━━━ RECORDS ━━━

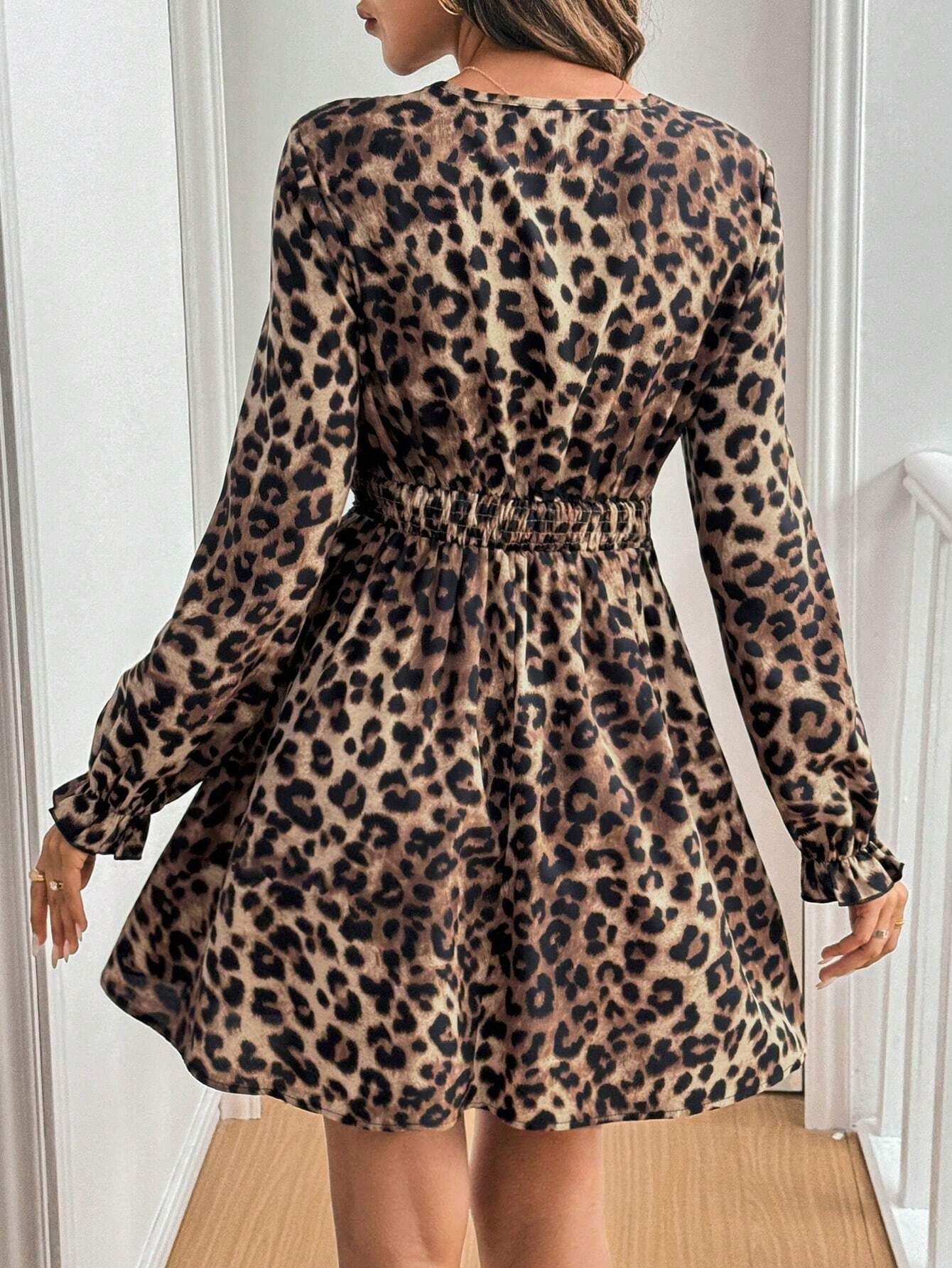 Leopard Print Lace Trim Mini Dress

━━━
━━━ RECORDS ━━━

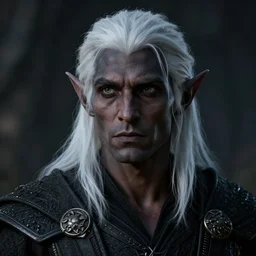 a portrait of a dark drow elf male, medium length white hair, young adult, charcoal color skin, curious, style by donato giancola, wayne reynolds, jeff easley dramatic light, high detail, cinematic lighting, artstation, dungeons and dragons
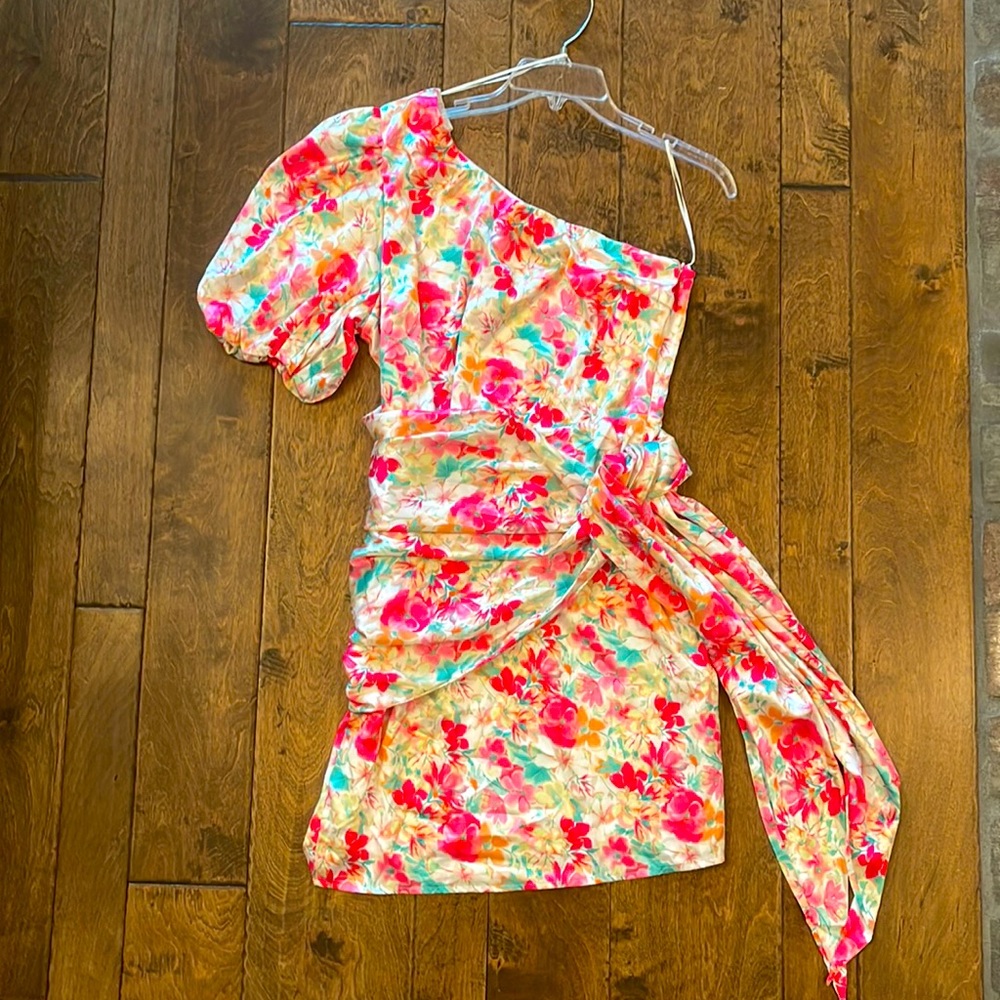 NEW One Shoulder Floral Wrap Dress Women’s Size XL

━━━

EXERCISE GOAL
Where a picture appears in the records above, omit it, and transcribe exactly the stretch of lines from the one with "a portrait of" through the one with "NEW One Shoulder".

ANSWER AREA
 a portrait of a dark drow elf male, medium length white hair, young adult, charcoal color skin, curious, style by donato giancola, wayne reynolds, jeff easley dramatic light, high detail, cinematic lighting, artstation, dungeons and dragons
 NEW One Shoulder Floral Wrap Dress Women’s Size XL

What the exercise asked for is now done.